Influence of the Homeland
There is no doubt about it that the homeland exercises a tremendous influence upon• foreign missions. Not only does the material contribution matter, but our members in mission fields are looking for guidance in moral and religious conduct by those who have sent the message to them. Through visitors from abroad, through the workers and lay members who come to visit the States, through new missionaries, and sometimes through second-hand reports a continuous influence is being exerted upon the mission church.
"What have they seen in thine house ?" was the question Isaiah directed to King Hezekiah, and it may well be we could ask the same question today. Seventh-day Adventists have changed considerably, not in doctrine, but in their way of living and in their relationship to the world. There might be a difference of opinion as to whether the former or the present way of thinking is correct, but the fact remains that one can feel the influence of this change in the fields abroad. The more and more liberal use of cosmetics, the use of ornamental wedding rings, attendance at movies and theaters, and worldly dress are some of the items we could well consider.

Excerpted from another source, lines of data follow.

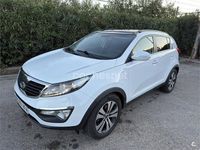 Usado Kia Sportage 136 CV (100 kW) 2012 Blanco SUV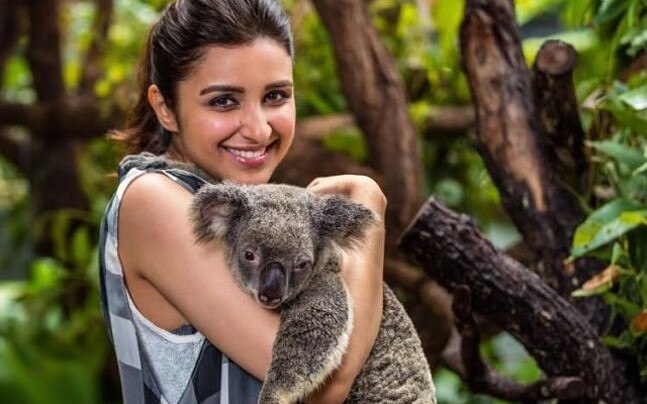 parineeti chopra australia tourism ad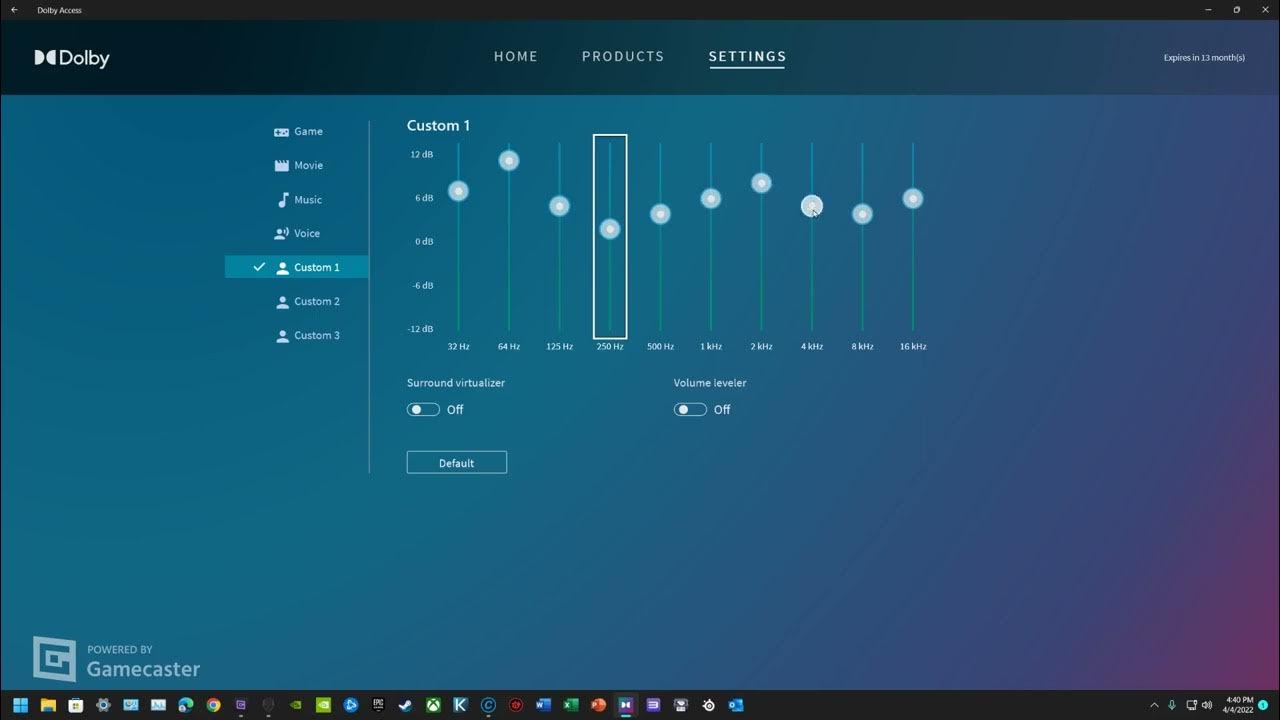 Dolby Atmos Best Warzone Settings for Footstep Audio YouTube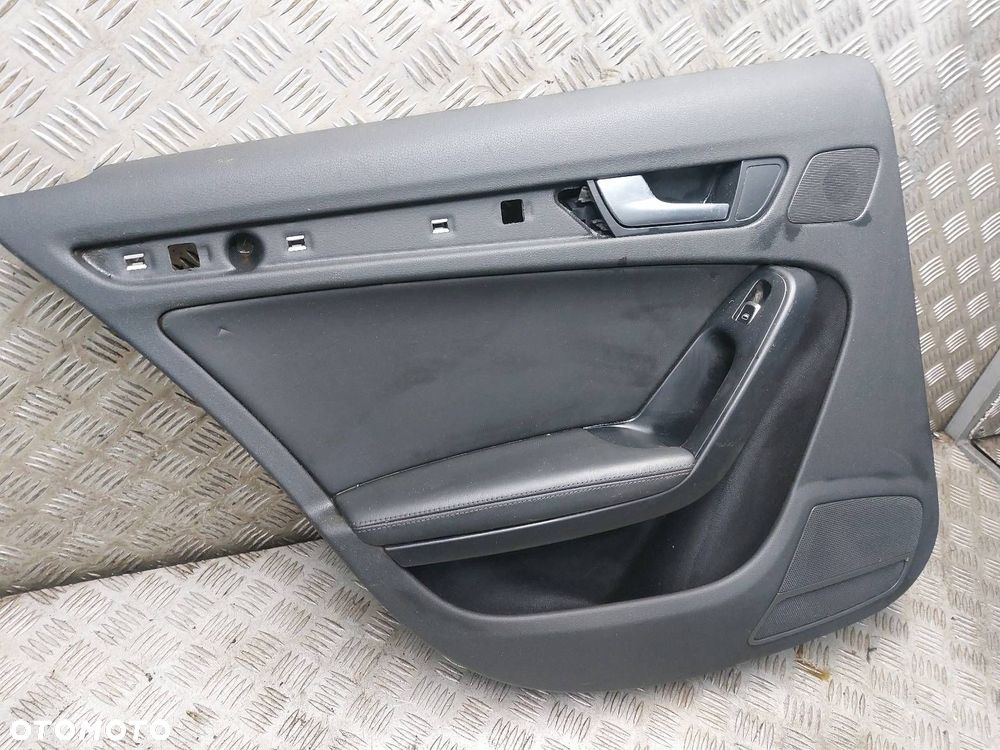 BOCZKI DRZWI KOMPLET AUDI A4 B8 SEDAN 8K1867105 8K0867305 8K0867306 - 12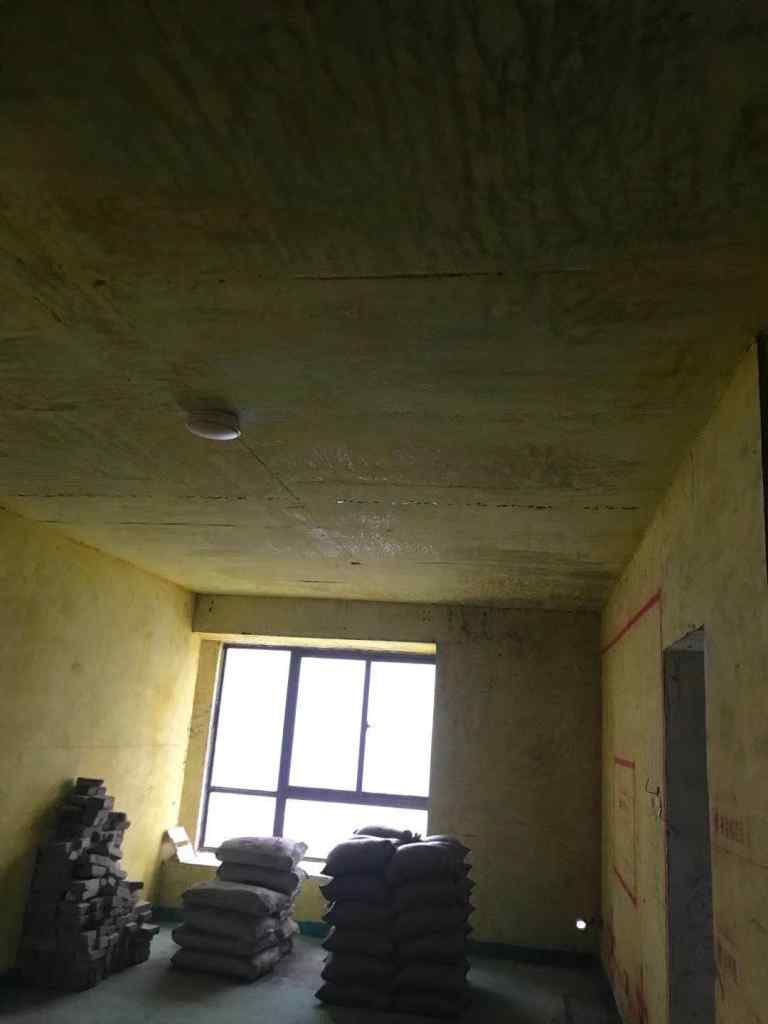 大溪地御倾城-黄墙绿地/3D全景放样/成品保护-金艺堂装饰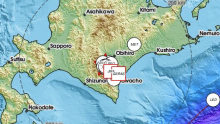 Novi potres magnitude 6.2 pogodio Japan: Prijeti još jači - magnitude 8 i više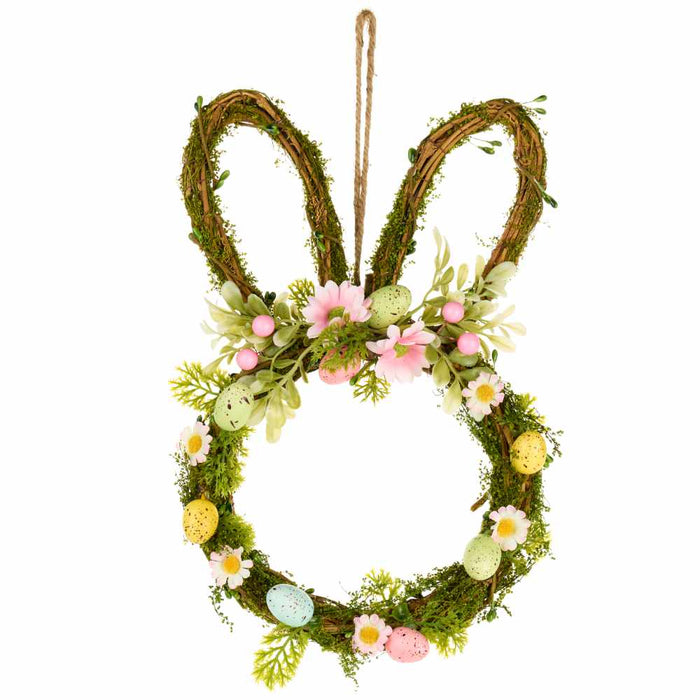 Corona Coniglio Pepen Nuvole di Stoffa 32x22 cm –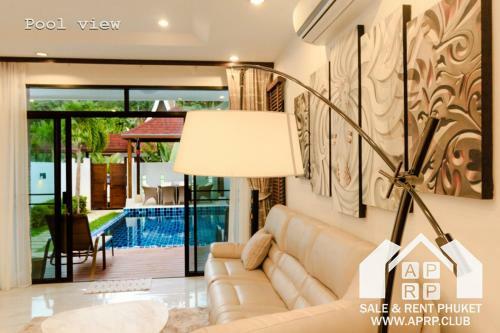 Modern Pool Villa Ap Twin Tw7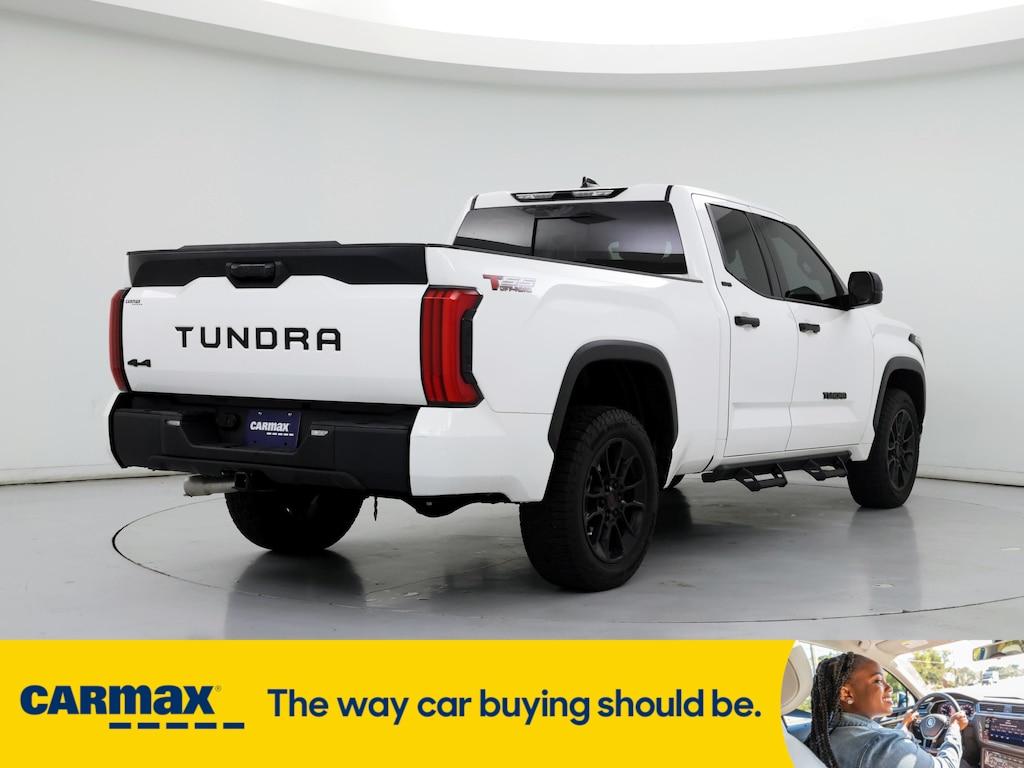 used 2022 Toyota Tundra car, priced at $40,998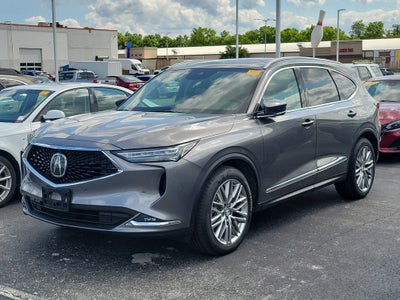 2023 Acura MDX w/Advance Package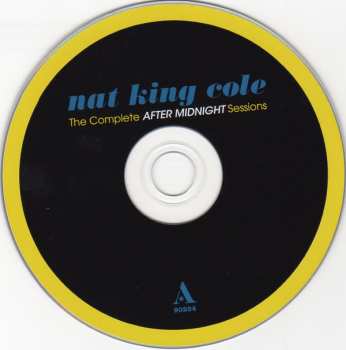 CD Nat King Cole: The Complete After Midnight Sessions LTD | DIGI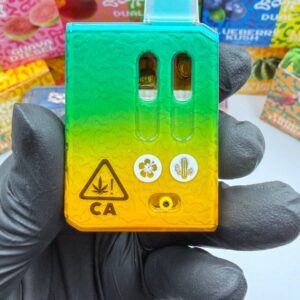 Alternative view of MICROBARS 2G DISPOSABLE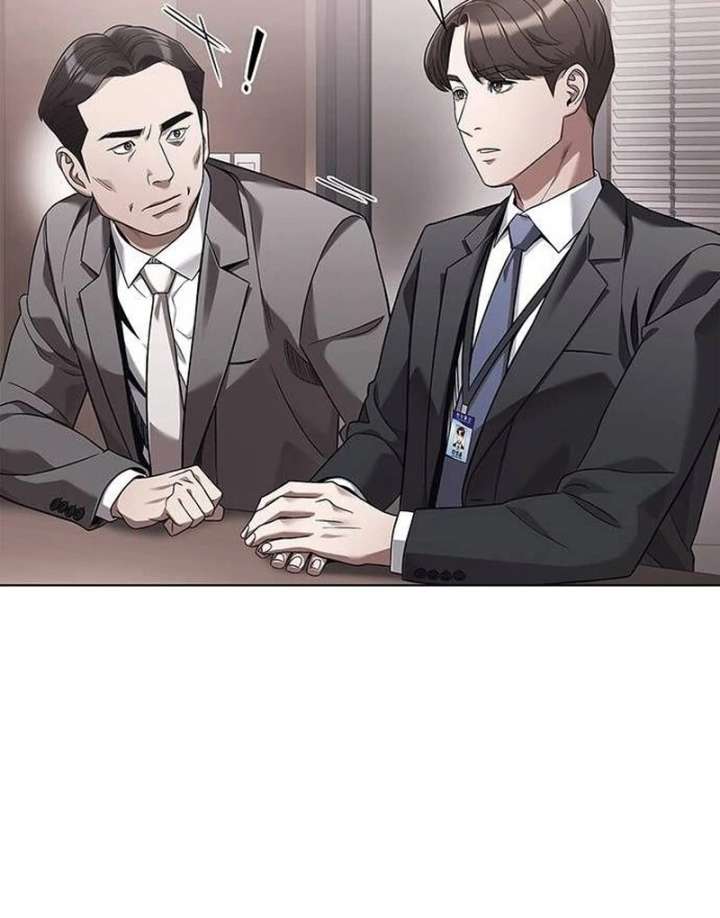 Office Worker Who Sees Fate chapter 46 page 41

Although we try to lift high the standard of Christian ideals before our churches in our mission fields, this question is often raised: How do you expect us to be so strict in all things, when in the homeland they do this and that? This makes us feel that in this respect our hands are not always strengthened by our brethren at home, and I wish that they would reconsider some of the old ways and walk therein.
Yes, brethren, the influence of some at home has become a problem of modern missions, and it is your duty to help us, in already grave perplexities, to give a solid foundation to the work of salvation in foreign fields.
I thank God, however, that I have been able to give twenty-seven years of service to this cause. When I was looking for a text that would express my sentiments, I remembered the words of Paul in Romans 11 :13 : "Inasmuch as I am the apostle of the Gentiles, I magnify mine office." Or as in some other versions, "I glory in my office." Yes, were I young again, and once more had to make my decision and choose my work, I would say, "Lord, I want to be a missionary."